Getting Started with NWChem for ISC22 SCC
This page is an overview, configuration and tasks for ISC22 Student Cluster Competition teams.
- 1 References
- 2 Overview
- 3 Introduction to NWChem
- 4 Downloading and Compiling NWChem
- 5 Running NWChem
- 6 Tunables/Non-Tunables
- 6.1 MPI and Global Arrays (GA)
- 6.1.1 Details
- 6.2 Tuning Parallel Execution
- 6.3 NWChem input file tuning
- 6.3.1 DFT module
- 6.3.2 TCE CCSD(T) module
- 6.3.3 Semidirect CCSD(T) module
- 6.1 MPI and Global Arrays (GA)
- 7 Generating input files
- 8 Tasks and Submissions
References
Overview
NWChem is a widely used open-source computational chemistry software package, written primarily in Fortran. It supports scalable parallel implementations of atomic orbital and plane-wave density-function theory, many-body methods from Moller-Plesset perturbation theory to coupled-cluster with quadruple excitations, and a number of methods for computing multiscale methods and molecular and macroscropic properties. It is used on computers from Apple M1 laptops to the largest supercomputers, supporting multicore CPUs and GPUs with OpenMP and other programming models. NWChem uses MPI for parallelism, usually hidden by the Global Arrays programming model, which uses one-sided communication to support a data-centric abstraction of multidimensional arrays across shared and distributed memory protocols. NWChem was created by Pacific Northwest National Laboratory in the 1990s, and has been under continuous development by a team based on national laboratories, universities, and industry for 25 years. NWChem has been cited thousands of times and was a finalist for the Gordon Bell Prize in 2009.
Introduction to NWChem
The slides:
Downloading and Compiling NWChem
NWChem is available for download from GitHub:
git clone https://github.com/nwchemgit/nwchem
cd nwchem/src/tools && ./get-tools-github
Once you have downloaded NWChem, the environment needs to be set up before building a working executable for your cluster. In the following example, we show how to compile it using Intel compilers, the Intel Math Kernel Library (MKL) and Open MPI from HPC-X:
module load intel/2021.3
module load mkl/2021.3.0
module load hpcx/2.9.0
export NWCHEM_TOP=/path-to-directory-where-you-ran-git/nwchem
export NWCHEM_TARGET=LINUX64
export ARMCI_NETWORK=ARMCI-MPI
export USE_MPI=y
export NWCHEM_MODULES=qm
export BLASOPT="-mkl"
export BLAS_SIZE=8
export LAPACK_LIB="-mkl"
export USE_SCALAPACK=y
export SCALAPACK="-mkl -lmkl_scalapack_ilp64 -lmkl_blacs_openmpi_ilp64"
export SCALAPACK_SIZE=8
export FC=ifort
Full details can be found in Compiling NWChem from source - NWChem
Using ARMCI-MPI requires the user to build this prior to compiling NWChem. This requires you to have the Linux packages autoconf
, automake
, m4
and libtool
installed. If they aren’t present and you can’t install them via a package manager, ARMCI-MPI provides a link to instructions on how to do it manually.
cd $NWCHEM_TOP/src/tools
./install-armci-mpi
This step should succeed, but if it does not, it means that mpicc
and $MPICC
are not available in your environment. Note also that you need to make sure that LIBMPI
matches the output of mpifort -show
for NWChem to link correctly.
After the environment has been set up, NWChem is built in two steps: building the configuration file nwchem_config.h, and making the executable.

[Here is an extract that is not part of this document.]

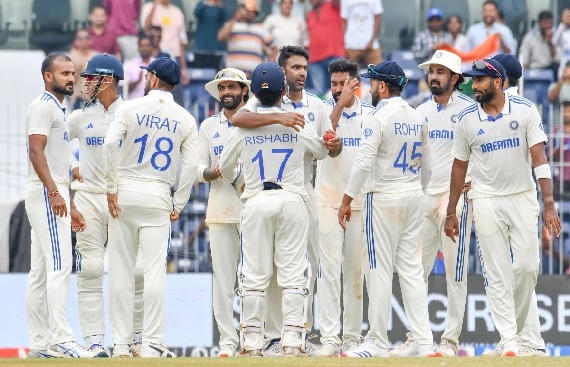 India, Sri Lanka Strengthen Case for WTC Final After Dominant Wins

The last make command takes a while to complete; when it is done, there should be an executable called nwchem under $NWCHEM_TOP/bin/$NWCHEM_TARGET.
Running NWChem
Once you have an executable, running NWChem is as simple as choosing a suitable input and running it with your chosen MPI application launcher:
The above (small) test problem runs in about 20 seconds in one node of the HPC-AI Advisory Council’s helios cluster. If your test goes well, the last line of your output should look as follows:
(Except for the values in the very last line, of course.)
The performance metric you will be trying to minimize is the wall time in the last line.
Tunables/Non-Tunables
There are a number of tunable parameters that affect the performance of NWChem. One of them is the MPI library used, and how Global Arrays uses MPI. Unlike many HPC codes, Global Arrays is based on a one-sided communication model - not message-passing - and thus is sensitive to implementation details, like RDMA and asynchronous progress. Another key issue is parallel execution configuration. NWChem often runs well with flat MPI parallelism, although with larger core counts and/or smaller memory capacities, a mixture of MPI and OpenMP can improve performance of some modules.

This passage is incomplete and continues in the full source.